As someone who once implemented an automated workflow by co-writing a custom task manager (see: unaware bioinformatics novice), I have really come to appreciate the power and flexibility of snakemake, especially with bioconda software management. Snakemake functions by allowing the user to write a “rule” for running a command or piece of software that contains all information for execution, including inputs, outputs, parameters, cpu, etc. In addition, snakemake natively provides conda integration to allow each rule to deploy individual conda environments to run the commands and software. In practice, this means if a software package has a conda recipe, we can quickly integrate that package into any workflow without considering installation and dependency issues. This is a huge step towards simplifying workflows, and is especially important for folks without extensive experience troubleshooting installations. Plus, the snakemake documentation is wonderful and there are some good example workflows and tutorials!

Snakemake also provides integration with singularity, and suggests a solution for fully containerizing workflows: use singularity to define the operating system (ideally a container with miniconda installed), and then use conda to manage software and deploy individual conda virtual environments for running a workflow within that container.

On top of these handy software management tools, there is a small but growing repository of snakemake “wrappers” for commonly-used programs. These wrappers allow the user to specify the program’s command-line arguments as inputs and parameters within the snakemake rule, rather than writing out the full required shell command to run that program. They are ideally written to require only mandatory arguments and provide an “extra” parameter, which can be used to pass any number of optional arguments or additional flags to the program’s command line.

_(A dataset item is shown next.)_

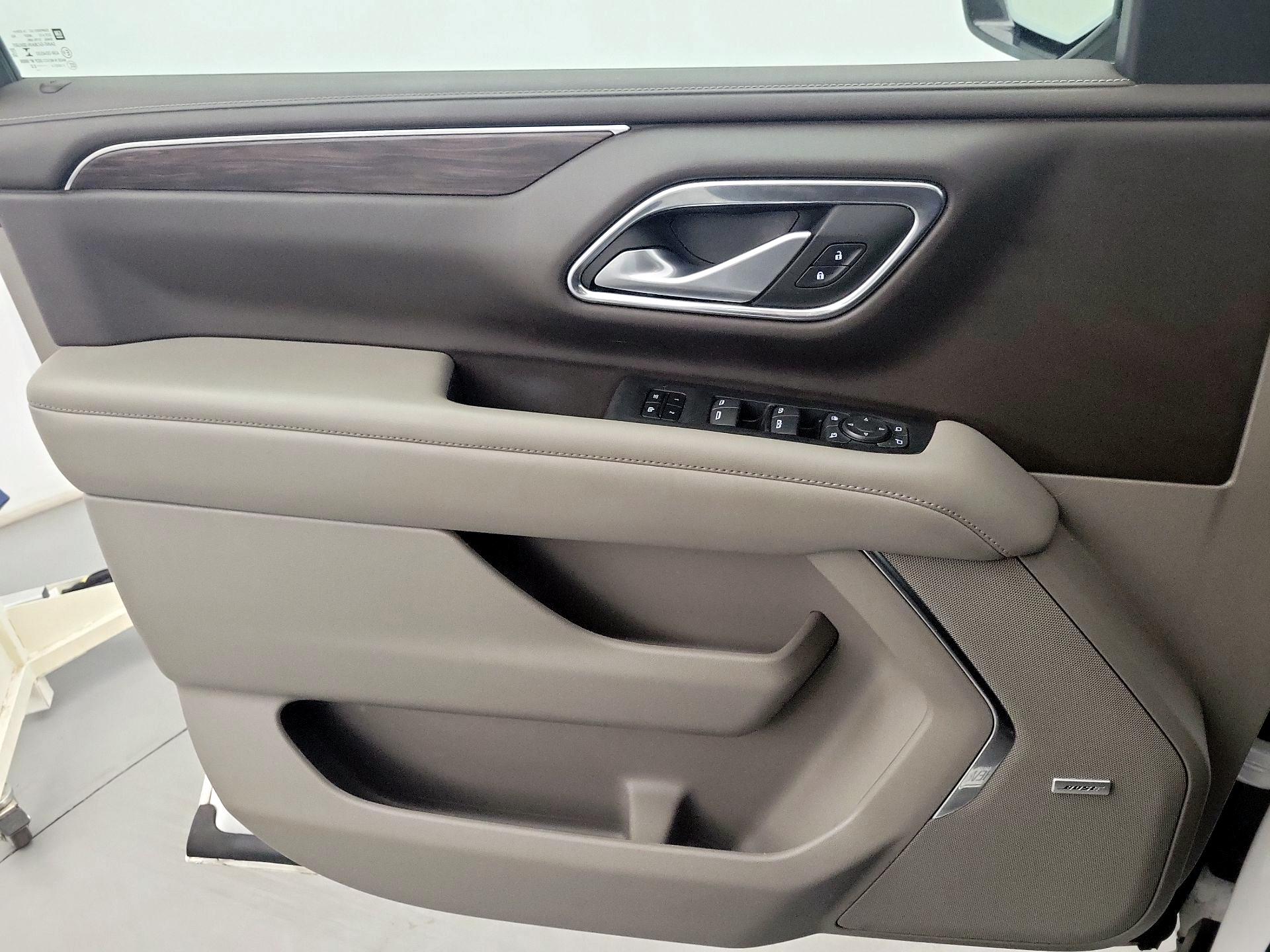 Thumbnail: 2022 Chevrolet Tahoe - 10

This salmon index wrapper is one of the most straightforward:

from snakemake.shell import shell

log = snakemake.log_fmt_shell(stdout=True, stderr=True)
extra = snakemake.params.get("extra", "")

shell("salmon index -t {snakemake.input} -i {snakemake.output} "
      " --threads {snakemake.threads} {extra} {log}" )

and it can be run via the following Snakefile:

    rule salmon_index:
    input:
        "assembly/transcriptome.fasta"
    output:
        "salmon/transcriptome_index"
    log:
        "logs/salmon/transcriptome_index.log"
    threads: 2
    params:
        # optional parameters
        extra=""
    wrapper:
        "0.25.0/bio/salmon/index"

Slightly more complex wrappers might take in multiple inputs, check for paired or single end reads, and ensure that the user is not violating any special rules required by the program. For example, the Trinity wrapper attempts to infer the required seqtype format from the input filenames and requires that the user have ‘trinity’ in the output folder name, in accordance with Trinity documentation. For some additional examples, see the salmon quant or star wrappers.

At first glance, wrappers simplify and standardize the process of writing a snakemake rule for each program. However, their real strength lies in providing versioning to enable reproducibility. By specifying a wrapper version tag or commit (which itself specifies a version of the software), updates to the wrapper or the software do not automatically propagate into workflows. The snakemake-wrappers repository is under active open development, and wrappers themselves are fairly formulaic and lend themselves well to community-driven development. In the past couple weeks, I’ve contributed several, and my labmate Lisa (@monsterbashseq) has taken up the mantle to provide a wrapper the sourmash compute function. Check out the snakemake wrapper documentation for more, including instructions on how to contribute.

While leveraging wrappers in snakemake workflows is incredibly powerful, we will be adding one more component for the eel pond protocol: a command-line interface. Titus wrote an example of a command-line interface for snakemake workflows at 2018-snakemake-cli, and implemented one for spacegraphcats. The goal of this cli is to simplify running the snakemake workflows by handling the location of snakefiles and input of parameters and configuration. Kind of like adding this bow.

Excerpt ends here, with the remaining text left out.